El primer testimonio de la existencia de un reloj se encuentra en el inventario de bienes de del soberano de Francia Carlos V, extendido en 1380, donde se hace referencia a un reloj de plata, fabricado «sin una onza de hierro», solo con dos pesas rellenas de plomo. Relojes mecánicos estaban presentes también en la cámara del tesoro, o de las «maravillas», del rey de Francia Juan el Bueno (1350-64).Es conocida también la pasión por los relojes  del soberano francés Luis XI (1461-83), el cual, en 1481, pagó 16 liras y 10 centavos al relojero «Jehan de París, por un reloj provisto de esfera que da las horas, estando completo en todas sus partes; dicho reloj el rey lo adquirió para llevarlo consigo donde quiera que fuese. Se hizo retratar con él en varias ocasiones.

En el siglo XVI los instrumentos horarios se hicieron progresivamente menos raros, aunque continuaron siendo ingenios costosos, reservados a una élite. En 1518 Julien Couldray, un relojero de Blois, recibió una suma de doscientos escudos de oro por el pago de «dos dagas bellísimas cuyos puños estaban enriquecidos con dos relojes dorados destinados al uso del rey». Se trataba de Francisco I.

La pasión por estos instrumentos fue tan grande que el emperador Carlos V, que antes de retirarse al convento de San Jerónimo de Yuste en 1556, quiso que fuera consigo Juanelo Turriano, un relojero italiano.
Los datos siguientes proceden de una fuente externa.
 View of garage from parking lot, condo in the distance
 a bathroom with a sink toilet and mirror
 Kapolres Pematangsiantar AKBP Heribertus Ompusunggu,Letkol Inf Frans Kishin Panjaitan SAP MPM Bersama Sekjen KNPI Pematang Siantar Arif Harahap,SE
En 1596 en Gran Duque Fernando de Tirol, como se desprende del inventario de sus bienes, había creado, en el interior de su «museo» situado en el Castillo de Ambras, un espacio dedicado a los relojes mecánicos y a todo tipo de instrumentos astronómicos.

Los relojes, pueden incluirse dentro de la categoría de los llamados «curiosa artificialia», es decir objetos manufacturados cuyo valor estaba determinado por su artificiosidad y por su extrema curiosidad. En este sentido no podían faltar en las colecciones de los grandes señores de la época donde, como afirma J. von Schlossler (Colecciones artísticas y maravillas, 1908)»la presencia simultánea y mezcla de ciencia y arte, de espontaneidad y artificio, constituía la característica principal».

Ya entonces los relojes «realizaron una extraña combinación de esplendor imaginativo y de insuficiente técnica constructiva»; no se limitaban a indicar las horas, sino que mediante complicados mecanismos mostraban también el calendario y el movimiento de los planetas.

Otra consideración, ésta de orden sociológico, atañe al hecho de que gracias a tales ingenios fue posible «privatizar» el tiempo cotidiano. El reloj público resultaba útil para marcar la apertura y cierre de los mercados, para organizar la jornada laboral…pero el reloj de sobremesa, y todavía más, el portátil, eran accesorios personales, siempre listos para ser consultados, que hacían más tangible el paso del tiempo.

En 1589, Ana de Dinamarca, reina de Inglaterra, poseía un pequeño reloj-anillo provisto de un mecanismo que señalaba las horas no con una sonería, sino pinchando el dedo con un alfiler, para recordar el inexorable paso de las horas. La clara y profunda conciencia que se tenía en aquellos años siglos de la brevedad de la vida y la inmediatez de la muerte, pensamientos que se veían cada vez más reforzados a consecuencia de las epidemias que periódicamente diezmaban la población europea.